Scraped caption text data:
== Segment start ==
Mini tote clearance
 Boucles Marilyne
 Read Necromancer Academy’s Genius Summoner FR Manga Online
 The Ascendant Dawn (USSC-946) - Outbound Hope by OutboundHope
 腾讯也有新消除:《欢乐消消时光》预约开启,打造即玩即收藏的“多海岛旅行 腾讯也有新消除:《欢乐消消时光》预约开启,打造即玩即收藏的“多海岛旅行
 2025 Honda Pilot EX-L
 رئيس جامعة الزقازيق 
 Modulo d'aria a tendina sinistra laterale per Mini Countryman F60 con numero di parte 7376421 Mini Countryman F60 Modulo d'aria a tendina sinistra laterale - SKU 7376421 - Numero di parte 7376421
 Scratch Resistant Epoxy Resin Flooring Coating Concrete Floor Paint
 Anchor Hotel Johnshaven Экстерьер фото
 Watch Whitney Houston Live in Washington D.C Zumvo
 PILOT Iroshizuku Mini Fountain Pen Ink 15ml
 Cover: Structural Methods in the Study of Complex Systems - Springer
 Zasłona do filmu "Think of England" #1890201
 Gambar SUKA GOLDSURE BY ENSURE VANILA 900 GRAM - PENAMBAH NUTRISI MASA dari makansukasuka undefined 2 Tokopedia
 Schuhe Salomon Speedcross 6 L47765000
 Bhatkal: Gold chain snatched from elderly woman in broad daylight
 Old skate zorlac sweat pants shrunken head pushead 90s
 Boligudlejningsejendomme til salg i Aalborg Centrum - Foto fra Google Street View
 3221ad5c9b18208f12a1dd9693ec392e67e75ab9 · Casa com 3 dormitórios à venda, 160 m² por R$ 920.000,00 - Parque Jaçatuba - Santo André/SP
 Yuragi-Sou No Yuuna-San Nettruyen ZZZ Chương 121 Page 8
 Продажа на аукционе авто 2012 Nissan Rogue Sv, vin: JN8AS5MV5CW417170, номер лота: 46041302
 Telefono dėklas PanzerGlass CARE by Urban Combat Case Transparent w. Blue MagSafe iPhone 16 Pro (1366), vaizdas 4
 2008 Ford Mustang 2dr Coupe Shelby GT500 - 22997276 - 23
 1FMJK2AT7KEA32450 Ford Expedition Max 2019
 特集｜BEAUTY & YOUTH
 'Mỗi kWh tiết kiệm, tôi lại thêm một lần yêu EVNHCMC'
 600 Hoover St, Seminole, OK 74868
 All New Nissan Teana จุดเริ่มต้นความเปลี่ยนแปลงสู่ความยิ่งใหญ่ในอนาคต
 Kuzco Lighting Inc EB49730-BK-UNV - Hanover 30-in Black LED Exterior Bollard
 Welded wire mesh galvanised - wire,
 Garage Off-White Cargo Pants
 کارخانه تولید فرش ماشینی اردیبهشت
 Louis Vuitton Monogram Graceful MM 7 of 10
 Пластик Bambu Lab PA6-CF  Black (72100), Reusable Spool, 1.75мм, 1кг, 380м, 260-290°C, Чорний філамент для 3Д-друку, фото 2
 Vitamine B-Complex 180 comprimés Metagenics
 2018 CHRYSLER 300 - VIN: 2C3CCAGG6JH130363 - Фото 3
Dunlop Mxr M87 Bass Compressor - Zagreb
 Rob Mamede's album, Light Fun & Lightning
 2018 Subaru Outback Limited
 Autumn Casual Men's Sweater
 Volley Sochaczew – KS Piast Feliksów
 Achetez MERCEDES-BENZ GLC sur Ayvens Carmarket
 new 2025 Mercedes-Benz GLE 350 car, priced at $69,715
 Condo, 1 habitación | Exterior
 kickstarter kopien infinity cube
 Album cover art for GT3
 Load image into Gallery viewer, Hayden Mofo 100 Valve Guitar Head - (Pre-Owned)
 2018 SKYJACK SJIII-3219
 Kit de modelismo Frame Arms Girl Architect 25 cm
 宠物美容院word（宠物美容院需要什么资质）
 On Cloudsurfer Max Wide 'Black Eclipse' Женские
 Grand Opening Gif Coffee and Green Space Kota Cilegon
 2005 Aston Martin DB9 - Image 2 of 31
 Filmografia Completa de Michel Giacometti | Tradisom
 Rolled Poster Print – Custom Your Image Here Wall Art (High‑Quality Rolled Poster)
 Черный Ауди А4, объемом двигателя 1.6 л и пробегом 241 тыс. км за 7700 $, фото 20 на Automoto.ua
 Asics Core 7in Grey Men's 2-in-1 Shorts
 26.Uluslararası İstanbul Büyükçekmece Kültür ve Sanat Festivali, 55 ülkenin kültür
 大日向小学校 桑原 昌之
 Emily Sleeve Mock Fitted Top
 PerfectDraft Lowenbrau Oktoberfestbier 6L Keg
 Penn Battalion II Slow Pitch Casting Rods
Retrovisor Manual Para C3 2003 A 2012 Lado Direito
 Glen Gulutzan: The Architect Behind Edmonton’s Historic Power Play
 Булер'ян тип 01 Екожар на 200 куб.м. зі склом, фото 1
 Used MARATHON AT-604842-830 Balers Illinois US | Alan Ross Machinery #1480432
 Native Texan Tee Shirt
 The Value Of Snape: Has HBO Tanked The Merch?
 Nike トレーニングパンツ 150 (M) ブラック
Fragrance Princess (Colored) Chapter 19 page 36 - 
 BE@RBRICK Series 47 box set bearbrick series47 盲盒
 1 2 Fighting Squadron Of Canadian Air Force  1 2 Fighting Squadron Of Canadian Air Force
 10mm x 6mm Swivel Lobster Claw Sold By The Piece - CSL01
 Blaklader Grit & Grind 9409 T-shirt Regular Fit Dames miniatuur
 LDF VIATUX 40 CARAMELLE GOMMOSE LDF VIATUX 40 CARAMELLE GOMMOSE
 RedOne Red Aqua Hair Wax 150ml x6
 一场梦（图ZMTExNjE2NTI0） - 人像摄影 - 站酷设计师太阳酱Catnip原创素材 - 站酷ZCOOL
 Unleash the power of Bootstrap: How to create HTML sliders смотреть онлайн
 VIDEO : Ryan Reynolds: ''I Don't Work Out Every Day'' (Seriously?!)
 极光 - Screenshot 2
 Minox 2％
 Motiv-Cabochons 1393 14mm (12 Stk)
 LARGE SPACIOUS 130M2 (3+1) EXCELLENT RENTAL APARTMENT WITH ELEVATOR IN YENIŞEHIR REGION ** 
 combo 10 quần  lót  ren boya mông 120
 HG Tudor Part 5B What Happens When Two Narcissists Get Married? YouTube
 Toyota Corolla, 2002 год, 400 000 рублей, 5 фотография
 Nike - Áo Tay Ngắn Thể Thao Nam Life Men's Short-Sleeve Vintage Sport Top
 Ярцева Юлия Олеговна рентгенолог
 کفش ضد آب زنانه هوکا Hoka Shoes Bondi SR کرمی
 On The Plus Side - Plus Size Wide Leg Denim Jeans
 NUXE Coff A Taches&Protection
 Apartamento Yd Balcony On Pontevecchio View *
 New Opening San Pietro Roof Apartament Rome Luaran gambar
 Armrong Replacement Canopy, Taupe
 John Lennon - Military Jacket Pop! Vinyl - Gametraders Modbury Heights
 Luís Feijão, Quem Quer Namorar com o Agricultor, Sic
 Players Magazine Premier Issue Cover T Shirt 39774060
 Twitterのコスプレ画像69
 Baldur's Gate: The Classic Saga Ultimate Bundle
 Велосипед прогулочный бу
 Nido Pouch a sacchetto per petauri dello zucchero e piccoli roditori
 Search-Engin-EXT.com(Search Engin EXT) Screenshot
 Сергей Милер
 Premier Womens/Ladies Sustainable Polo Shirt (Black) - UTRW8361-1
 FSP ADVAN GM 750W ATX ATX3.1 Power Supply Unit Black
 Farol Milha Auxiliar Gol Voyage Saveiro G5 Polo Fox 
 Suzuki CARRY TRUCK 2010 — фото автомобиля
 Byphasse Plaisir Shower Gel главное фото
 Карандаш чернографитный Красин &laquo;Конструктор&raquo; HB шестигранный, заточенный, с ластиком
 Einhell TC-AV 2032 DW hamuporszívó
== Segment end ==
What you give back should be only the lines of the records above, starting at the line with "特集｜BEAUTY & YOUTH" and ending at the line with "On Cloudsurfer Max", restated word for word.

 特集｜BEAUTY & YOUTH
 'Mỗi kWh tiết kiệm, tôi lại thêm một lần yêu EVNHCMC'
 600 Hoover St, Seminole, OK 74868
 All New Nissan Teana จุดเริ่มต้นความเปลี่ยนแปลงสู่ความยิ่งใหญ่ในอนาคต
 Kuzco Lighting Inc EB49730-BK-UNV - Hanover 30-in Black LED Exterior Bollard
 Welded wire mesh galvanised - wire,
 Garage Off-White Cargo Pants
 کارخانه تولید فرش ماشینی اردیبهشت
 Louis Vuitton Monogram Graceful MM 7 of 10
 Пластик Bambu Lab PA6-CF  Black (72100), Reusable Spool, 1.75мм, 1кг, 380м, 260-290°C, Чорний філамент для 3Д-друку, фото 2
 Vitamine B-Complex 180 comprimés Metagenics
 2018 CHRYSLER 300 - VIN: 2C3CCAGG6JH130363 - Фото 3
Dunlop Mxr M87 Bass Compressor - Zagreb
 Rob Mamede's album, Light Fun & Lightning
 2018 Subaru Outback Limited
 Autumn Casual Men's Sweater
 Volley Sochaczew – KS Piast Feliksów
 Achetez MERCEDES-BENZ GLC sur Ayvens Carmarket
 new 2025 Mercedes-Benz GLE 350 car, priced at $69,715
 Condo, 1 habitación | Exterior
 kickstarter kopien infinity cube
 Album cover art for GT3
 Load image into Gallery viewer, Hayden Mofo 100 Valve Guitar Head - (Pre-Owned)
 2018 SKYJACK SJIII-3219
 Kit de modelismo Frame Arms Girl Architect 25 cm
 宠物美容院word（宠物美容院需要什么资质）
 On Cloudsurfer Max Wide 'Black Eclipse' Женские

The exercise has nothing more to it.